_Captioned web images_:
= Beginning of Section =
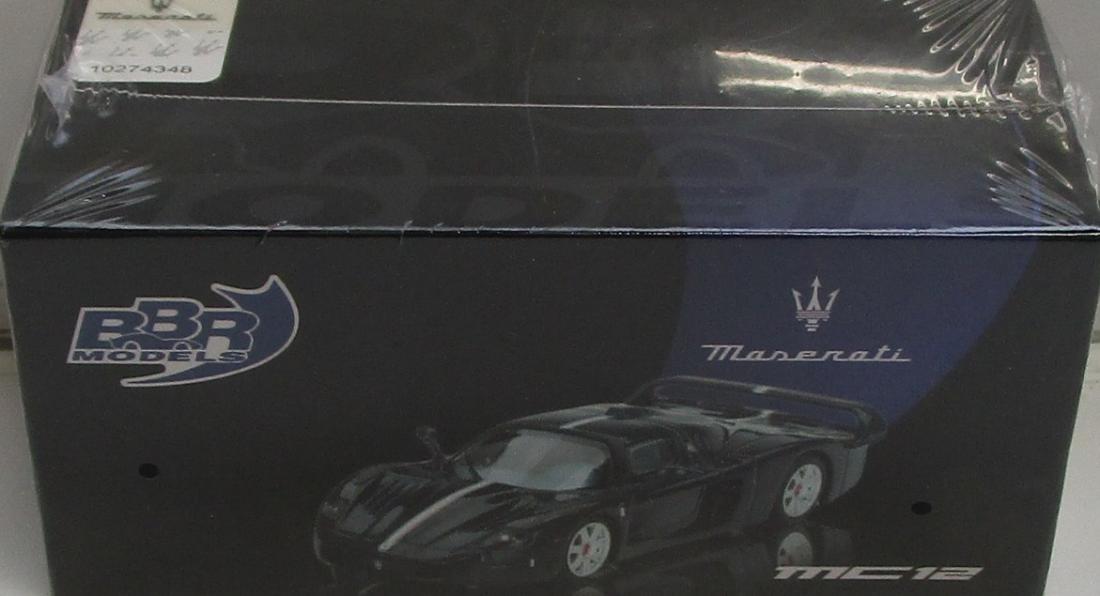 【中古】 その他 スケールミニカー(1/64・その他) BBR MODELS 1/64 マセラティ MC12 ストラダーレ ブルーメタリック w/ストライプ 【...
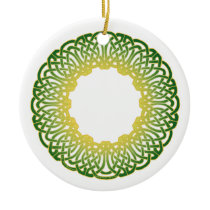 The Green Celtic Circle Knotwork Ornaments 2 ornaments
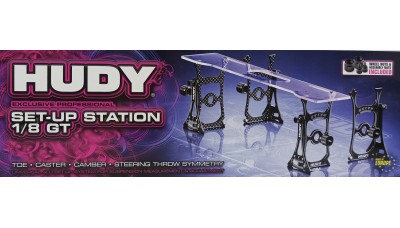 HUDY 109601 EXCLUSIVE PROFESSIONAL SET-UP STATION FOR 1/8 GT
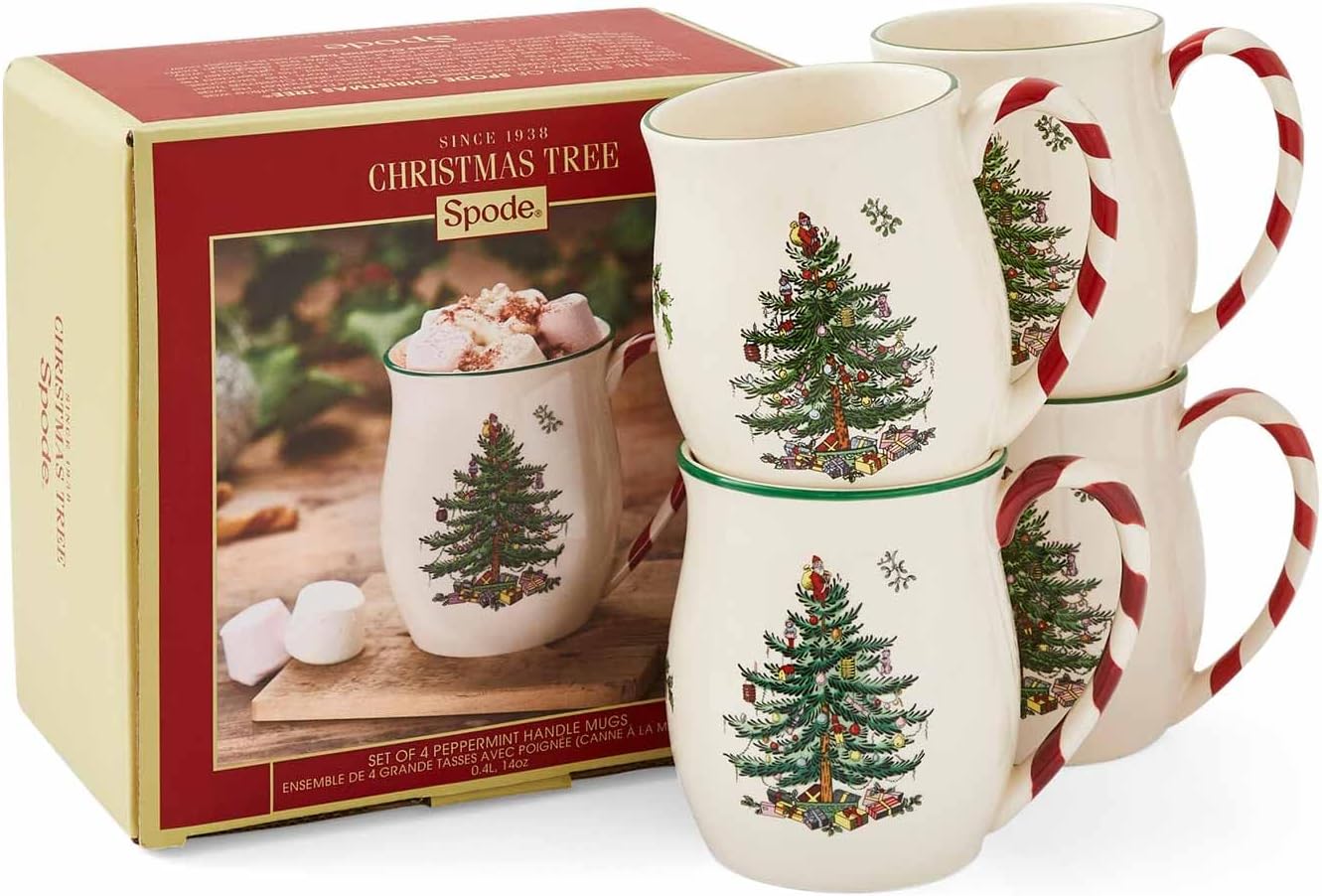 Kit Canecas Árvore de Natal - 400 ml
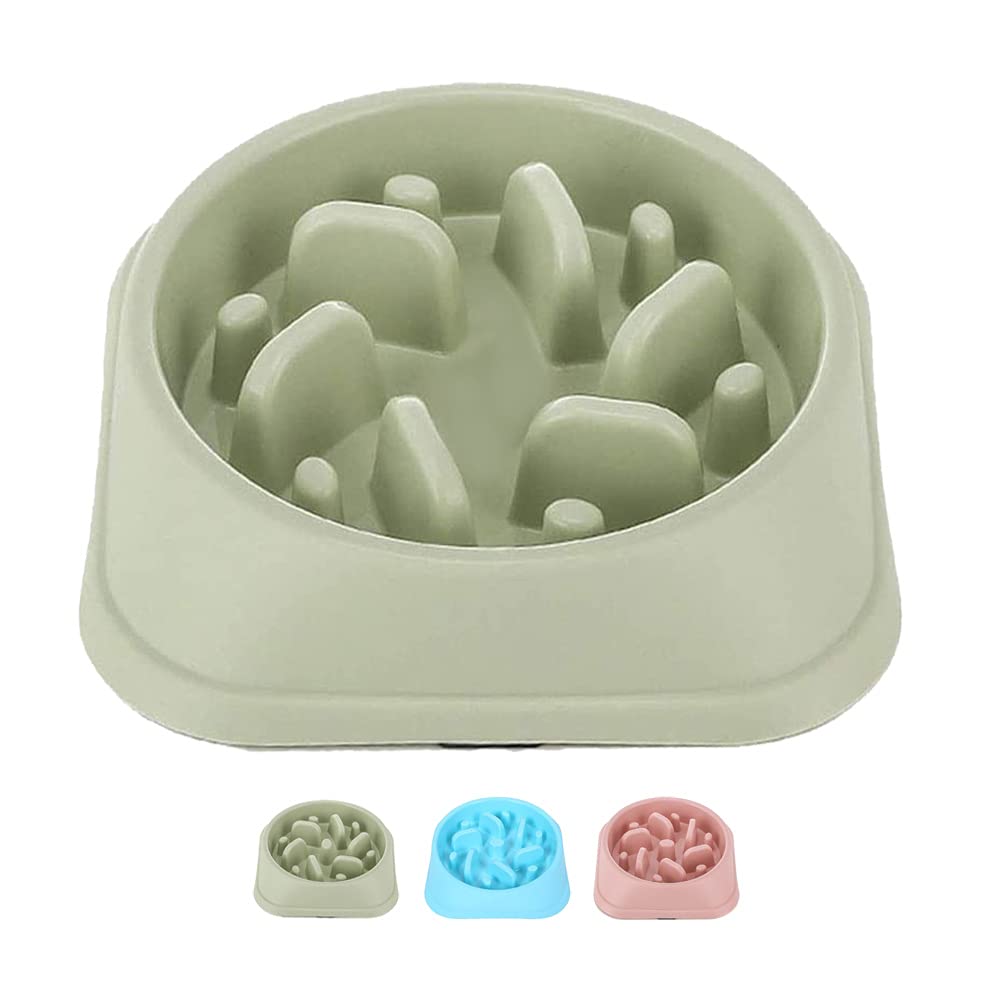 Sorxine Slow Feeding Dog Bowl,Slow Feeding Dog Bowl,Slow Feeding Bowl for Small Medium Dogs&Animals,Non Slip Dog Bowl (Green)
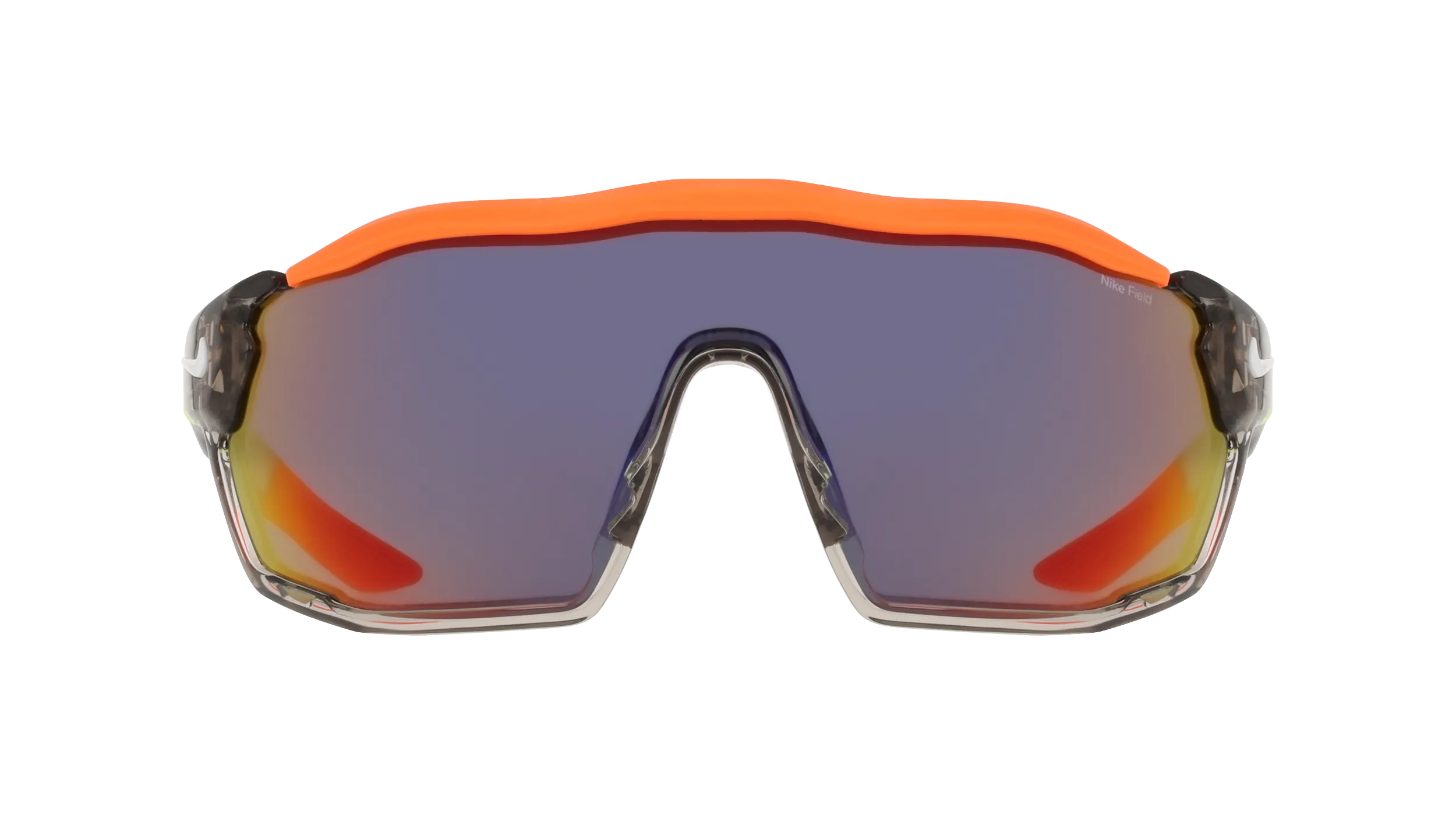 Nike NIKE SHOW X RUSH E DZ7369 009 Occhiali da sole Bio-iniettato Grigio Rosso Maschera Normale - immagine 2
= End of Section =
_What you should do_:
Take the line containing "Kit Canecas Árvore de Natal - 400 ml" and all lines after it to the end of the data above, and reproduce them exactly, leaving out pictures. Nothing else belongs in the copy.

_Solution for this exercise_:
 Kit Canecas Árvore de Natal - 400 ml
 Sorxine Slow Feeding Dog Bowl,Slow Feeding Dog Bowl,Slow Feeding Bowl for Small Medium Dogs&Animals,Non Slip Dog Bowl (Green)
 Nike NIKE SHOW X RUSH E DZ7369 009 Occhiali da sole Bio-iniettato Grigio Rosso Maschera Normale - immagine 2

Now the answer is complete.